Prizewinning Nigerian poet once again chooses Madison

Maryhilda Obasiota Ibe, the UW Wisconsin Institute for Creative Writing’s 2025 Hoffman-Halls Emerging Artist Fellow, isn’t ready to leave just yet.

By Maggie Ginsberg, Division of the Arts

A woman sits on the stone steps looking out over a clear lake.
Maryhilda Obasiota Ibe on the Memorial Union Terrace at the University of Wisconsin–Madison.

In 2023, Maryhilda Obasiota Ibe packed up her life in West Africa and crossed the Atlantic Ocean to begin her MFA in Creative Writing program at the University of Wisconsin–Madison. In her bag she carried everything except a stack of poems — she actually hadn’t written that many yet. Her undergraduate degree was in English and Literary Studies, and her early writing was mostly fiction. But, since arriving on campus, Ibe has emerged as a formidable poet by anyone’s measure — foremost, her own.

“I really, really wanted to get into Madison,” says Ibe, who was born and raised in Nigeria, and comes from a family of teachers but saw little opportunity for a career in writing in her home country. “This was the place I wanted to go first, because I’d seen the work of Amy Quan Barry, I’d seen the work of Paul Tran, and Nate Marshall, and all of these people who were absolutely brilliant in the literary world, and I felt it would be such a great opportunity to work with them, or work by them.”

Ibe not only gained acceptance into UW’s highly selective Creative Writing MFA program — which admits only six poets every two years — but also swiftly found her voice. In the short two-and-a-half years since arriving on campus, Ibe has earned the 2024 American Literary Review Poetry Prize, the 2025 Indiana Review Poetry Prize, and, most recently, The Poetry Foundation’s 2025 Ruth Lilly and Dorothy Sargent Rosenberg Fellowship. The latter is among the largest monetary awards available to young poets in the United States, awarded to only five poets each year.

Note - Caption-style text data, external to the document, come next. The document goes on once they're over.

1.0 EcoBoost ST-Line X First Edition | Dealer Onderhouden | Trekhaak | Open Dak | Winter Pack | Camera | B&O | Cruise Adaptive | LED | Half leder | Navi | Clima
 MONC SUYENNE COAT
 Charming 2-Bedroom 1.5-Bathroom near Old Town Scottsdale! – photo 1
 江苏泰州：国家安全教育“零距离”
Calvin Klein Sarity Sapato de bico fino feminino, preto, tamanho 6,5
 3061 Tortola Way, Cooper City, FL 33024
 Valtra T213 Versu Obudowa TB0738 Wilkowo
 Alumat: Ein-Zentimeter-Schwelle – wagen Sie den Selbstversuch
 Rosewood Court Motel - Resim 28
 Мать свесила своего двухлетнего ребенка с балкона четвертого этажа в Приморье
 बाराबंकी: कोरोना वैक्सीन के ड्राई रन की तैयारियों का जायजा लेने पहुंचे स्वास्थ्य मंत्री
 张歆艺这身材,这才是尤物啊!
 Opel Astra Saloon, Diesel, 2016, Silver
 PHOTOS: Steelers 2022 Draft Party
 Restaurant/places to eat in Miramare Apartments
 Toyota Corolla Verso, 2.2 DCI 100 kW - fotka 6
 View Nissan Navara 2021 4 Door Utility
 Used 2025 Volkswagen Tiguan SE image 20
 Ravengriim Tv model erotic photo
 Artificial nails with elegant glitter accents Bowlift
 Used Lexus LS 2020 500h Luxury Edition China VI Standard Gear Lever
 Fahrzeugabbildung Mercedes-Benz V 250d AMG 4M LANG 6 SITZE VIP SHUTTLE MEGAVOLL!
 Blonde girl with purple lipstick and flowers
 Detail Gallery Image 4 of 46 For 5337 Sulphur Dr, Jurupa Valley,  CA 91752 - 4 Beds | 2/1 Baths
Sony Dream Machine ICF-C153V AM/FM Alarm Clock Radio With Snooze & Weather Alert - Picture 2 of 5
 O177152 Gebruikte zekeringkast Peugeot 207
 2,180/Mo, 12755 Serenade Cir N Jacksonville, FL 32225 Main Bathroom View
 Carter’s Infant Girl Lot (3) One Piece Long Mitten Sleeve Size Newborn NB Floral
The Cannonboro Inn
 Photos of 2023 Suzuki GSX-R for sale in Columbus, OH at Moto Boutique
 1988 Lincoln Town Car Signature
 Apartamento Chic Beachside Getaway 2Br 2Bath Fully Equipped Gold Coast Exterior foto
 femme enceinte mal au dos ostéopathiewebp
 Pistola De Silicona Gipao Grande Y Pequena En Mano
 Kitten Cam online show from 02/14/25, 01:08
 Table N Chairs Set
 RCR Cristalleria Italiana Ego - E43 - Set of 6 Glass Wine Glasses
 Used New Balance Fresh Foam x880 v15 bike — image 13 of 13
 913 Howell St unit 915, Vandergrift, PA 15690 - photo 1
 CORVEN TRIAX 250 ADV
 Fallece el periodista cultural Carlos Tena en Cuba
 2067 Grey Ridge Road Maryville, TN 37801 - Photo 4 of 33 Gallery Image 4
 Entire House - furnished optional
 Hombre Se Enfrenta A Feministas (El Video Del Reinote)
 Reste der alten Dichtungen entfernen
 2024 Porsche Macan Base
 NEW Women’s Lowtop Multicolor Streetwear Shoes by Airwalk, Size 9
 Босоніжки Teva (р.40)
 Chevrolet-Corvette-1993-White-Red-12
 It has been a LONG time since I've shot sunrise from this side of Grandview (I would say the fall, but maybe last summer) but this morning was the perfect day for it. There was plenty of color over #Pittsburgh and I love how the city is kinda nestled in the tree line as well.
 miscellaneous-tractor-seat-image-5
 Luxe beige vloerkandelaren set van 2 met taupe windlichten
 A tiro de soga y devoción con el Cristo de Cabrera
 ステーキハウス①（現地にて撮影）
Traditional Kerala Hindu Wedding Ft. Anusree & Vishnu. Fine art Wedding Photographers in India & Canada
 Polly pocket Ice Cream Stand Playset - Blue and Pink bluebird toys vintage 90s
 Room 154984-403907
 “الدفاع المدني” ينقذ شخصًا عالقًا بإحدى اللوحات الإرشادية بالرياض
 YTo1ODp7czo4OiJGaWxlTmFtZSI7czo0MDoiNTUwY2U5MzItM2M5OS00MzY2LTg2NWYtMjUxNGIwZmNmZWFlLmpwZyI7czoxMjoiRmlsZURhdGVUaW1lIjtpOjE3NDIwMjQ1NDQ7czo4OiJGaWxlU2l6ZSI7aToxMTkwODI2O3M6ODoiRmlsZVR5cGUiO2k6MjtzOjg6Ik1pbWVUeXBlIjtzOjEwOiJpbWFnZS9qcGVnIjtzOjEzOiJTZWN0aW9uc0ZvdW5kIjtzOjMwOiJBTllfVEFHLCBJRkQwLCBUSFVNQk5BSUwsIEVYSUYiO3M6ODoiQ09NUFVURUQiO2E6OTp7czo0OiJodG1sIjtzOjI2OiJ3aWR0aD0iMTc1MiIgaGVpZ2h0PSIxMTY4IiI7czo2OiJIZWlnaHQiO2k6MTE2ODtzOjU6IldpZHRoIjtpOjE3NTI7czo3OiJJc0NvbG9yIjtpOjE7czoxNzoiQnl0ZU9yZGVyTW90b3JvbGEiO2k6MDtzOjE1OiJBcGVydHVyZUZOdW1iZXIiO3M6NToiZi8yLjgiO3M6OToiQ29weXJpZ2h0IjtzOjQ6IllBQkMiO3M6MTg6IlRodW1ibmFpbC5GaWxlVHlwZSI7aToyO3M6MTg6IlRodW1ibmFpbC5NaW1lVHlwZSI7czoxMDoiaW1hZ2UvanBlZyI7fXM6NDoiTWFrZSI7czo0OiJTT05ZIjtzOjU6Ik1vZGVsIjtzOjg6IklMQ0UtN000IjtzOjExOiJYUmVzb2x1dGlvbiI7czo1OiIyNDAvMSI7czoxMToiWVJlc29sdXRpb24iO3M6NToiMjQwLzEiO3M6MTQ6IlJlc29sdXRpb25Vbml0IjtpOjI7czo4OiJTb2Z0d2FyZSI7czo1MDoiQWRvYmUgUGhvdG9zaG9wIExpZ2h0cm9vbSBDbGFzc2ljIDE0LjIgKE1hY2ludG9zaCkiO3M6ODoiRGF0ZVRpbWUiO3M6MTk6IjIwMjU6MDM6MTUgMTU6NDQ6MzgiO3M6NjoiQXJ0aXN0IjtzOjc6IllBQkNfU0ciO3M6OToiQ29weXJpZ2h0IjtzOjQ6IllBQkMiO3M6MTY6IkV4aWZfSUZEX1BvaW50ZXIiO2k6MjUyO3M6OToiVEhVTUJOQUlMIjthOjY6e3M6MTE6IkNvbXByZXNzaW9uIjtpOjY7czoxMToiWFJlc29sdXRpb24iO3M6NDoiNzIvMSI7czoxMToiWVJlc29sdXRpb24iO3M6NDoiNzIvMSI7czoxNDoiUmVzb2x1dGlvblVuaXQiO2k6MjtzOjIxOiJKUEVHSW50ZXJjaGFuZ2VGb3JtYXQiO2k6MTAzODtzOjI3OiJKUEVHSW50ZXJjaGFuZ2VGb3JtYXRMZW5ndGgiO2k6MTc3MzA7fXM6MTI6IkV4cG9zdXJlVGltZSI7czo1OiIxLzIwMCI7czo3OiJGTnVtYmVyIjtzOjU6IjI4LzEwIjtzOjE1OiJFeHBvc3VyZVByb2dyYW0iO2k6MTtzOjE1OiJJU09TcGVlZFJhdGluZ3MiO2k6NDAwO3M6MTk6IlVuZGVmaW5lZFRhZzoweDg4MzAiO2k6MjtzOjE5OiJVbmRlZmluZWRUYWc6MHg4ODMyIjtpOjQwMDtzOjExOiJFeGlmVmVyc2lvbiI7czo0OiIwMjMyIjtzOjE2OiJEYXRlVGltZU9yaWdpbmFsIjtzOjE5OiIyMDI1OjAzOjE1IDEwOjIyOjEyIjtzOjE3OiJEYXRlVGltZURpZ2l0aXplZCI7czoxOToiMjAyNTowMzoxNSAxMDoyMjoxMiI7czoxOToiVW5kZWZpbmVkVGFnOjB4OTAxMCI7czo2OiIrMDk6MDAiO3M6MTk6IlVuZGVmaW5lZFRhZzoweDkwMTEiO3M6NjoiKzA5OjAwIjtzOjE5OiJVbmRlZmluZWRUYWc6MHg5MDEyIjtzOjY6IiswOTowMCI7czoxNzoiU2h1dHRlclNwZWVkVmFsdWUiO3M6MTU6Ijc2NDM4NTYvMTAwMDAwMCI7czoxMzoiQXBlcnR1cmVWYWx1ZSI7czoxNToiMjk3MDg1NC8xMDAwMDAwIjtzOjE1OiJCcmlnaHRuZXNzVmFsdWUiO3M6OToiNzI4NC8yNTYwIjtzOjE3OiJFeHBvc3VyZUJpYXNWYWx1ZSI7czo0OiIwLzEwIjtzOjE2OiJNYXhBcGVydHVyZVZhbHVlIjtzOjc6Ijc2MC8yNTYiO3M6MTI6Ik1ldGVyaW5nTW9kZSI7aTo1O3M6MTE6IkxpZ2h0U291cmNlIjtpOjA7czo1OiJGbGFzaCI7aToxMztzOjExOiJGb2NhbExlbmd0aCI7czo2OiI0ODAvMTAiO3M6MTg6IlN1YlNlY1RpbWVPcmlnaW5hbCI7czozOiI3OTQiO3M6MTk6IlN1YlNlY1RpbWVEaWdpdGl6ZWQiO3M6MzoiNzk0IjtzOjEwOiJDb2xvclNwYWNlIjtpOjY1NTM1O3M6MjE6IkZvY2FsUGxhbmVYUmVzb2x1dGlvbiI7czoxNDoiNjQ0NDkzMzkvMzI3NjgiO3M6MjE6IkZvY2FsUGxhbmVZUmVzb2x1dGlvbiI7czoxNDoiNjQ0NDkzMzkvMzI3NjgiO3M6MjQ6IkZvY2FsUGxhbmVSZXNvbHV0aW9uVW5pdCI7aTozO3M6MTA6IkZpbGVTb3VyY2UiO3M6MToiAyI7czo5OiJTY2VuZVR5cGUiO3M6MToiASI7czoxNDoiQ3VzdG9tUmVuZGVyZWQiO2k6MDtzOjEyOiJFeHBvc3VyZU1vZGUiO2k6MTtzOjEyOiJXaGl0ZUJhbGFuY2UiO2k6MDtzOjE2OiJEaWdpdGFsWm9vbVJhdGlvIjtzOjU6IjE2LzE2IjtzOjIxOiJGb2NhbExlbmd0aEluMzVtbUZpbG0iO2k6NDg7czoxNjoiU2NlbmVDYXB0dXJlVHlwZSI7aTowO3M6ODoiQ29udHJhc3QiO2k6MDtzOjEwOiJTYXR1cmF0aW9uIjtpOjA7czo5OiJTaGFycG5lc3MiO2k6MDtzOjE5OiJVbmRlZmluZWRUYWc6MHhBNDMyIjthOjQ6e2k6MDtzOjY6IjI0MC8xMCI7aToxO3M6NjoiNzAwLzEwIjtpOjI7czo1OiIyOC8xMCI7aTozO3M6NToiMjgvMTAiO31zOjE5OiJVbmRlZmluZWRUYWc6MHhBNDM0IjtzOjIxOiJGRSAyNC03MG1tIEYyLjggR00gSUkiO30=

“I come from a really humble background, and that money means a lot to me, has done a lot for me,” Ibe says. “It changed my life.”

Ibe was also accepted into three competitive Ph.D. programs that would have begun this fall. But instead she turned down two and deferred a third to extend her time in Madison after learning she was awarded the Wisconsin Institute for Creative Writing’s coveted 2025 Hoffman-Halls Emerging Artist Fellowship. It essentially serves as a third-year MFA for one current student, and provides a year of funded writing time in exchange for teaching creative writing to undergraduates. 

“This sounds really mushy, but I didn’t think that my chapter in Madison was done,” Ibe says. “I felt like I needed this one year of respite, and the opportunity to teach myself from what I’ve learned here.”

A woman stands reading a book leaning against the library bookshelves.
Maryhilda Obasiota Ibe at College Library in Helen C. White Hall.

The power of teaching

Now that Ibe is finished with the workshop portion of her MFA program, she must learn to self-edit her poems and create her own internal critic. But, in a sense, she’s got a new set of teachers: her Creative Writing 307 undergraduate students. “Teaching 307 to juniors and seniors is so enjoyable because they have some more advanced critical and creative muscles, and I’m trying to give them the best kind of education that I can afford to give them in that class,” Ibe says. “I’m increasingly learning that teaching is an activity in learning. The more you teach, the more you know about the thing you are teaching. Every time I prepare for class, I leave space for wonder.”

It takes a cohort

When Creative Writing cohorts are formed, it’s not just about the individual poets, but how they will fit together. “Iron sharpens iron,” Ibe says, quoting the bible to describe the impact the five other students in her MFA cohort had on her work and her life. “I don’t think I could have asked for a better cohort. My cohort has brilliance. Patrycja Humienik, Iqra Khan, juj e. Lepe, Jonny Teklit, Andrew Chi Keong Yim, they model a kind of love to me. I was still trying to negotiate myself as a foreigner and a stranger and it really helped that I had a cohort who loved me in the ways that they did.”

Poetry is a language

In her poem Object Permanence, Ibe writes, the language I have is not the one I crave. The poem is, among many things, an interrogation of memory and its inherent failings, as well as a mourning for the ways in which language fails to capture feelings. Ibe had been punishing herself for misremembering a key detail from a profoundly traumatic childhood moment with her sister, and through poetry was able to reframe her relationship with that core memory. “All of the things I want to say are beyond language, but still must be negotiated by language,” Ibe says. “Every time we come back to the poem, we must remember where we were at that point in time, and so language is the passage of returning.”

What she’ll take with her

A woman dressed in a brown jacket smiles lightly at the camera outdoors with buildings behind her.
Poet Maryhilda Obasiota Ibe at UW–Madison.

Ibe has most loved sitting by Lake Mendota in quiet reflection, drawn to bodies of water because they, like the poet she has become, resist shape and framing. But after this year-long fellowship ends, Ibe is off to the Ph.D. 

program she deferred at Utah. Like all formative educational experiences, she will leave this place changed. “It was here at UW–Madison that I learned that we must first write for ourselves,” says Ibe. It’s not about performing the images, language and poise of poetry, but in breaking down those very things so that what ends up on the page is the language only you can speak, the story only you can tell — and you, above all else, must believe your words are enough. “The poem has to first mean something to you, to mean something to anybody else.”